CI’s stock is currently trading at roughly seven times EBITDA on the Canadian stock exchange. But CI sometimes pays a multiple close to twice that when buying a U.S. wealth management firm, competitors say.
“Something’s missing here,” one of those buyers says.
What won't be missing will be a way to lure American capital to fund U.S. acquisitions, or to pay American shares to advisors in lieu of cash.
An NYSE listing is “a smart move,” DeVoe says. “It removes a potential friction point that some advisers have about selling to a non-US company.”
That also eliminates the currency risk that comes with accepting Canadian stock, MacAlpine adds.

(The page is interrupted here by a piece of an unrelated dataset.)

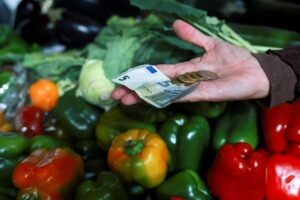 Γαλλία: Καθιερώνονται κουπόνια στα σούπερ μάρκετ – πτώση στην τιμή του ντίζελ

CI isn’t pouring money into wealth management as a hedge against CI’s declining asset management business, MacAlpine continues. But the company’s new U.S. wealth management division may distribute some of CI’s proprietary asset management products.
Advisors have “expressed interest” in CI products, according to MacAlpine.
MacAlpine says he plans a far more decentralized approach, rather than a McKinsey-style wiring together of potentially dozens of disparate firms into one whole cloth.
Firm owners themselves convened a committee assigned the task of creating a blueprint. The rough draft of that plan calls for striking a balance between the two models that exist in the marketplace today.
Rollups like Focus Financial are ultra-focused on a hands-off agglomeration of autonomous firms. Many others like Mercer or United Capital work to make one big corporation. See: Dynasty Financial toes roll-up model's edge with new plan to buy revenue from its RIAs
MacAlpine believes there's a middle ground that can work for CI Capital because of its long-term approach to the market.
MacAlpine, a native Canadian, has annoyingly precocious credentials, not only logging a nine-year McKinsey career, beginning in his mid-20s, but also by getting named partner by age 30.
MacAlpine and his front-runner mindset has been key to CI’s appeal and ability “to create a leading presence in the U.S. market out of whole cloth,” according to industry consultant Jamie McLaughlin.
“MacAlpine is selling himself as well as the firm and he’s very impressive,” he says.
“He’s a nice, young, smart Canadian who’s familiar with the U.S. market from his time at McKinsey and WisdomTree. He’s a classic McKinsey kind of guy, very analytical, but not full of himself. People like him and personality counts for something.”